Cooper precisa escapar não apenas para evitar sua prisão, mas para preservar sua imagem junto à filha. "Confie em mim", é uma das primeiras frases que o personagem diz a ela, quando estão chegando ao estádio. A intrigante dualidade, contudo, não encontra uma personalização à altura no desempenho de Josh Hartnett, um ator com menos recursos dramáticos do que o papel exige.
Aliás, a escalação do elenco é uma armadilha que M. Night Shyamalan criou para si mesmo. Lady Raven, a fictícia estrela da música pop, é encarnada por uma das suas três filhas, Saleka, que de fato é cantora e compositora. As canções são bacanas, a voz é agradável, e os bastidores das filmagens renderam uma boa história para quem se interessa em saber sobre as complexidades de uma produção cinematográfica. Mas como atriz Saleka é bastante limitada, e sua presença suscita comentários como o de Lovia Gyarkye, do Hollywood Reporter: "O filme é um concerto da filha de Shyamalan envolto em um thriller mediano". Quando Lady Raven diz, no palco, que tem uma relação mal resolvida com o pai, parece menos uma lavação pública da roupa suja familiar do que um lance para gerar burburinho, uma jogada de marketing — assim como é a aparição, no fundo de uma cena, do cartaz de Os Observadores (2024), estreia de outra filha do cineasta, Ishana, na direção de longas-metragens.
ALERTA DE SPOILERS.
A maior cilada na qual Shyamalan se mete é quando Armadilha sai da arapuca. O filme perde a tensão do espaço restrito. Fora do estádio, o diretor fica livre para, como brincou o crítico A.A. Dowd, "não apenas forçar a credulidade, mas também a estrangular, embrulhar em plástico e deixá-la apodrecendo em uma lixeira".
Em seu terceiro ato, Armadilha vira um trem descarrilado. Ou nem tanto: faltou a M. Night Shyamalan ser mais desmedido, como James Wan em Maligno (2021), por exemplo. Um cineasta como Brian De Palma nos perturbaria mais — e nos divertiria mais —, explorando melhor o complicado relacionamento de Cooper com sua mãe, quem sabe até estabelecendo uma conexão maior com a veterana especialista do FBI que traçou o perfil psicológico do Açougueiro.

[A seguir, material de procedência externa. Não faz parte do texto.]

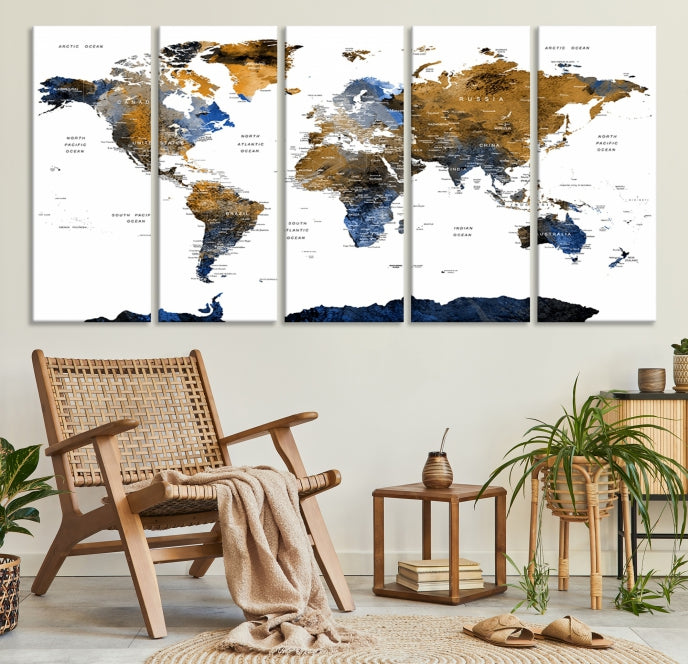 Extra Large Dark Colored Blue Brown World Map Wall Art Canvas Print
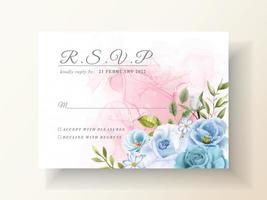 elegante tarjeta de invitación de boda floral acuarela vector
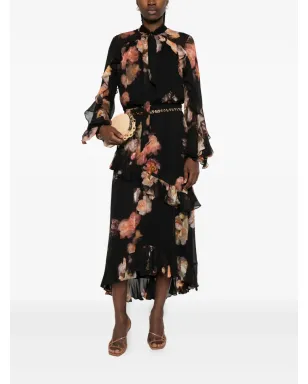 ZIMMERMANN 黒地の花柄プリント フリルブラウス - サムネイル2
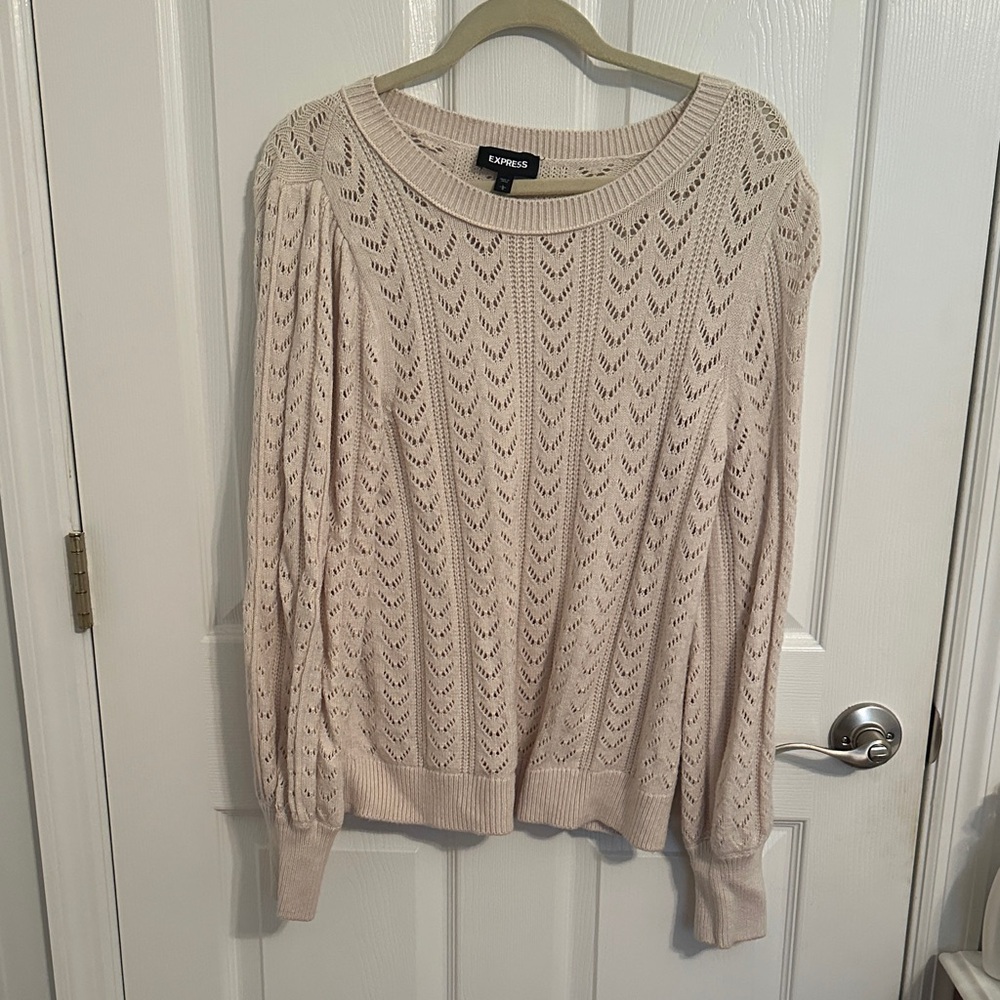 Express Women's Knit Cream Sweater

Shyamalan prefere apostar em sucessivas viradas neste jogo de gato e rato, convertendo Cooper em um personagem como os de Bruce Willis e James McAvoy na trilogia Corpo Fechado, Fragmentado e Vidro, emprestando ao protagonista um tom sobrenatural. Isso, ao invés de conceder ao filme um caráter epifânico, faz dele uma mera caricatura — o cineasta descarta o peso da sua premissa para investir em uma comicidade totalmente deslocada. A risada de Cooper na última imagem é a do júbilo de Shyamalan pregando mais uma peça na sua audiência. E a cena pós-créditos transforma de vez Armadilha em uma piada.